Assignment ::
The result should consist solely of the line containing "22ND MAY 2015" and the lines that follow it below, each reproduced exactly, the last line included.

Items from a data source
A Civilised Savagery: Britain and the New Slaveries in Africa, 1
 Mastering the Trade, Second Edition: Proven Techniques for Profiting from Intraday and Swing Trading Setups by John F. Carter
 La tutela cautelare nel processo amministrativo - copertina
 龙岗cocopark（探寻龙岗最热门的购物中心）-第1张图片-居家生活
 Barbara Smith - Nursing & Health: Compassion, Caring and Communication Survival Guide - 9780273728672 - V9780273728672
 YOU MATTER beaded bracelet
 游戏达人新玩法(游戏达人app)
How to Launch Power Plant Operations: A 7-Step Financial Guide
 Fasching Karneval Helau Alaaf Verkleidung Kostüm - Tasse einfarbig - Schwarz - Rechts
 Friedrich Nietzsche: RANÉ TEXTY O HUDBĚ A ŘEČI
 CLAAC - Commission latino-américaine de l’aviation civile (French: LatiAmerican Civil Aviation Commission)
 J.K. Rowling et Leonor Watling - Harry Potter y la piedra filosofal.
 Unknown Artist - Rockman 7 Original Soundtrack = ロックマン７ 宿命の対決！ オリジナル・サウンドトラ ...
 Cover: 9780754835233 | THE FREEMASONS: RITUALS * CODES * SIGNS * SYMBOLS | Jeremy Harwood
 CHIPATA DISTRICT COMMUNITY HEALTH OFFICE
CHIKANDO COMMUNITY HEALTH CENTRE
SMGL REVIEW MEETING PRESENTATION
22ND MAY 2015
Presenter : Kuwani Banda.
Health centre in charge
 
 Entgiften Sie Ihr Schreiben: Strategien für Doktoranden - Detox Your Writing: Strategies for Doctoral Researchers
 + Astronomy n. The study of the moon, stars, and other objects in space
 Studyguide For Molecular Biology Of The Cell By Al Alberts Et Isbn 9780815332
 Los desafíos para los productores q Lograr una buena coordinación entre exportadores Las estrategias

The answer ::
22ND MAY 2015
Presenter : Kuwani Banda.
Health centre in charge
 
 Entgiften Sie Ihr Schreiben: Strategien für Doktoranden - Detox Your Writing: Strategies for Doctoral Researchers
 + Astronomy n. The study of the moon, stars, and other objects in space
 Studyguide For Molecular Biology Of The Cell By Al Alberts Et Isbn 9780815332
 Los desafíos para los productores q Lograr una buena coordinación entre exportadores Las estrategias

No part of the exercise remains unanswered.